Keywords

1 Introduction

Serious quality problems have occurred in recent years: complaints about products and services and product recalls may in fact pose a critical risk to the sustainability of affected companies. Total Quality Management (TQM) is important for preventing this problem and refers to “a process, an organization, a person, and a system being combined organically, and company management being conducted from the viewpoint of customers.” Because quality problems are ultimately caused by problems with the company systems, TQM is important for their prevention and is also relevant in the context of corporate social responsibility. A research of the extent to which TQM is employed by Japanese companies was jointly administered by the Union of Japanese Scientists and Engineers and the Nikkei. The evaluation of the research was based on responses related to the six criteria shown in Table 1.

Table 1. Six criteria evaluated in the research

Using the TQM research, a ranking of companies according to these six criteria was published, revealing which companies are excellent in each criterion. The research responses were not published, however, and we had difficulty understanding the beneficial practices of the highly ranked companies based on the results. Furthermore, many studies on TQM concern the introduction of TQM to a company, such as Kamio [1], while there are few studies of concrete TQM plans already in use at companies.

On the other hand, most companies publish Corporate Social Responsibility (CSR) reports in order to fulfill their accountability to stakeholders. These CSR reports usually present significant efforts on the part of companies to the stakeholders. The aims of CSR and TQM are different, but their scopes are closely related. Good practices of companies within the scope of TQM may therefore be discovered by making use of this relationship. In this study, we thus use text data from CSR reports that contain information about the quality management of companies and analyze the data according to the TQM criteria in order to identify best TQM practices for each criterion. We use dimension reduction techniques, such as Probabilistic Latent Semantic Analysis (PLSA), which is effective for such hyperspace data.

Focusing on references that companies make to stakeholders, Kitora [5] investigates how each company influences CSR efforts. Many prior studies attempt to quantify corporate characteristics that affect corporate information disclosure. By directly performing text mining, corporate orientation to stakeholders can be grasped directly, and thus qualitative corporate characteristics can also be discerned. Clarifying the influence on information disclosure using regression is advantageous.

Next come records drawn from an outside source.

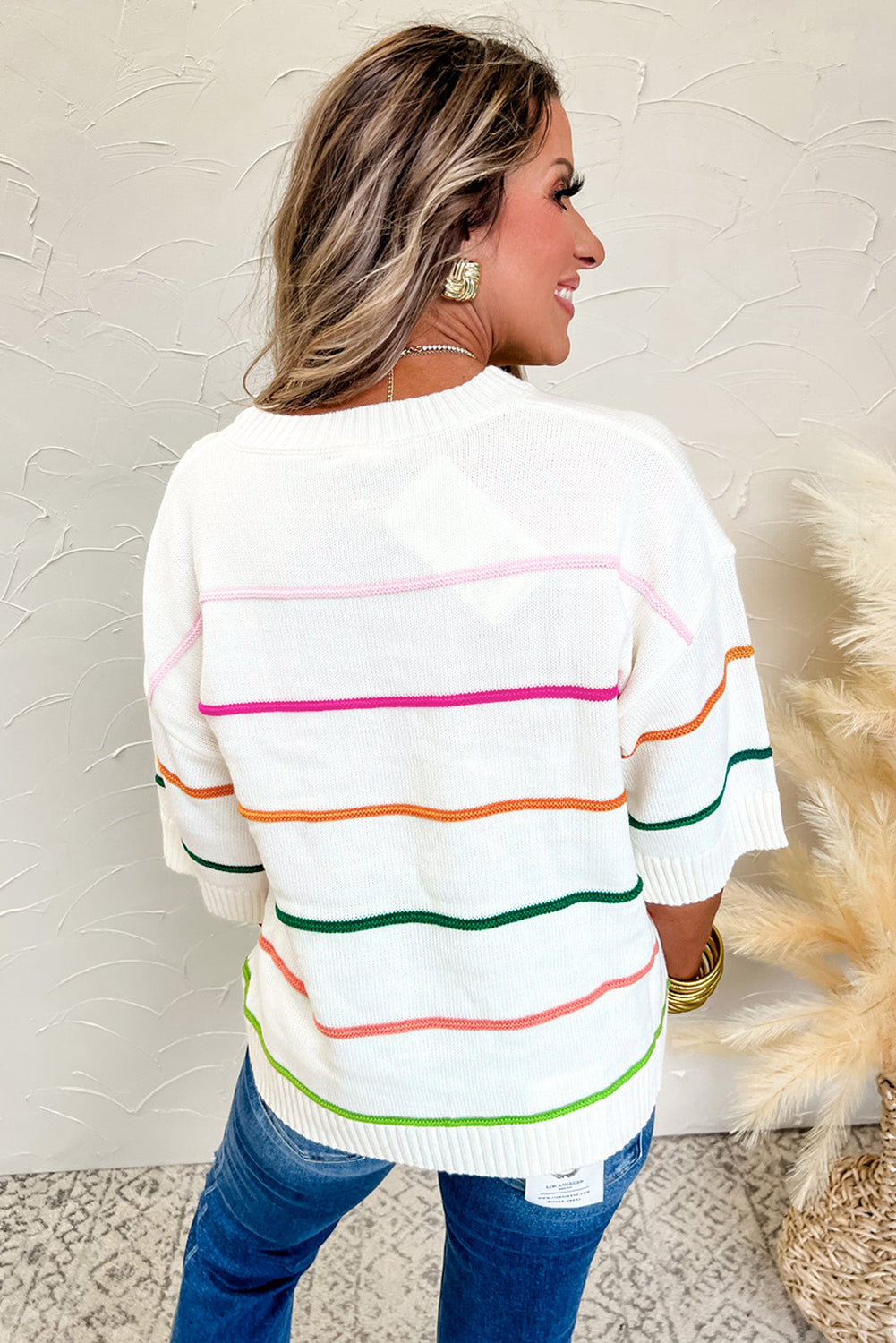 Colorblock Striped Half Sleeve Drop Shoulder Sweater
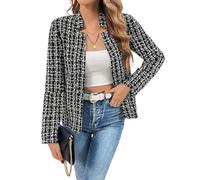 Women's Fall Business Plaid Tweed Blazer Jacket,Elegant Long Sleeve Slim Work Blazers,Notch Collar Cardigans (Black and White,XL)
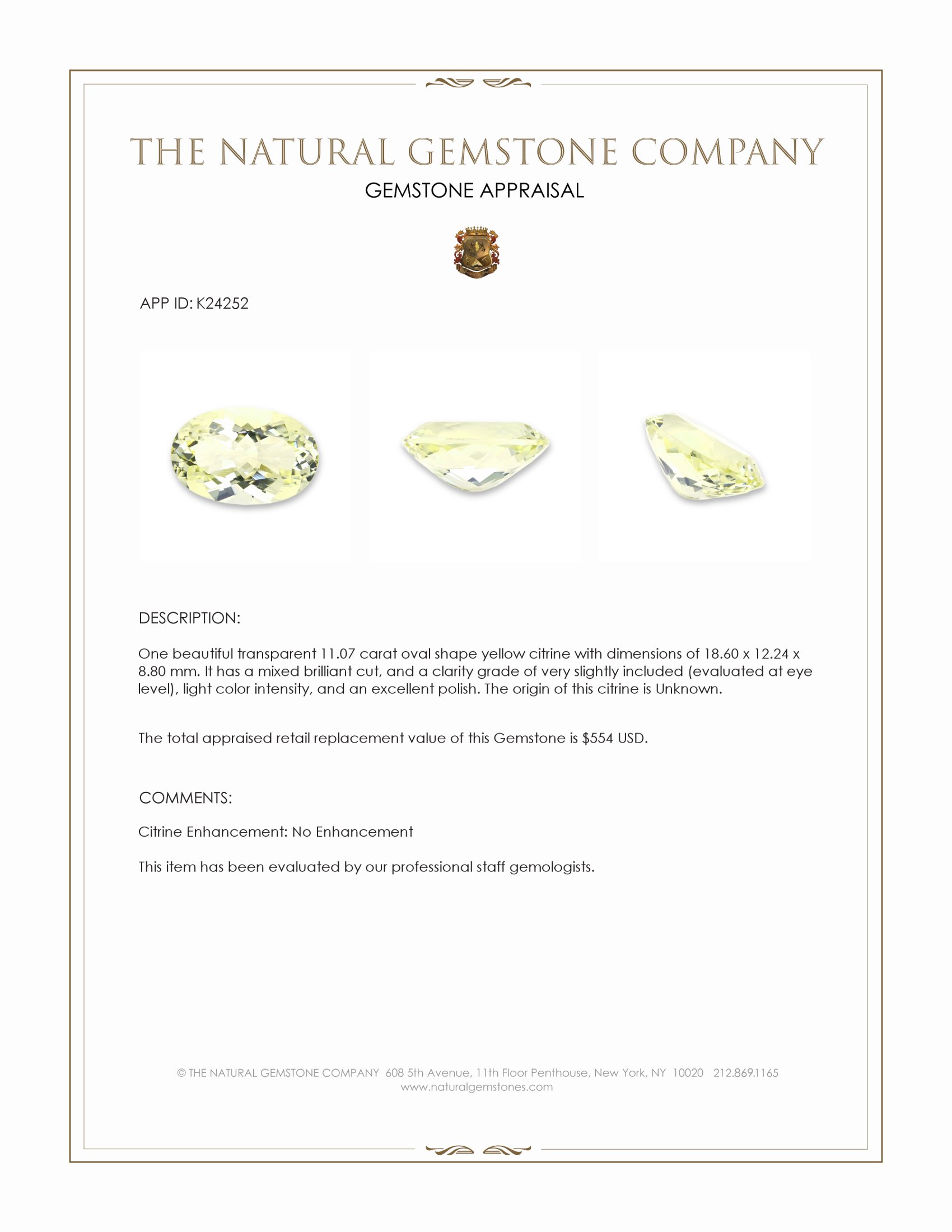 11.07 Ct. Yellow Citrine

However, although it is possible to extract the word of the factor influencing the problem, it is impossible to extract the document can be mentioned.

In the research of Saitoh [3], a large sparse matrix can be translated to a small dense matrix using PLSA of a customer review. After this conversion, the arrangement of review sentences is visualized by making a self-organizing map. Because a large sparse matrix can be converted to a small dense matrix using PLSA as in Saitoh’s research, it is considered to be very effective for analysis of text in high dimensional data. For nonlinear data, such as a frequency matrix, when visualization is performed by principal component analysis or correspondence analysis and when the cumulative contribution rate to the number of dimensions is low, a lot of information is lost, and only a small amount remains. Although it is necessary to explain the data with information, PLSA, which can approximate the high dimensional semantic space of the original data with a few dimensions, can be effective for the visualization of text data.

2 Analysis Procedure

The overall analysis procedure will first be explained to provide an outline. The Steps 1 to 4 correspond to the interested companies selection, and Steps 5 to 7 correspond to the TQM information extraction.

Step 1. :

Data collection

From the company ranking produced by the TQM research evaluation, we selected the top ten companies (first to tenth place) and the ten companies in the 89th to 98th places. Also the CSR reports contain varying amounts of documents, they are divided into two groups according to the quantity of documents. The results of this are shown in Table 1.

Step 2. :

PLSA

PLSA is effective as a technology for extracting useful knowledge from big data and is often used as a method for high dimensional text data. In this study, this method is used for document evaluation and document extraction.

Step 3. :

Calculation of company similarity by Cosine similarity and Visualization of similarity using Multi-dimensional Scaling (MDS)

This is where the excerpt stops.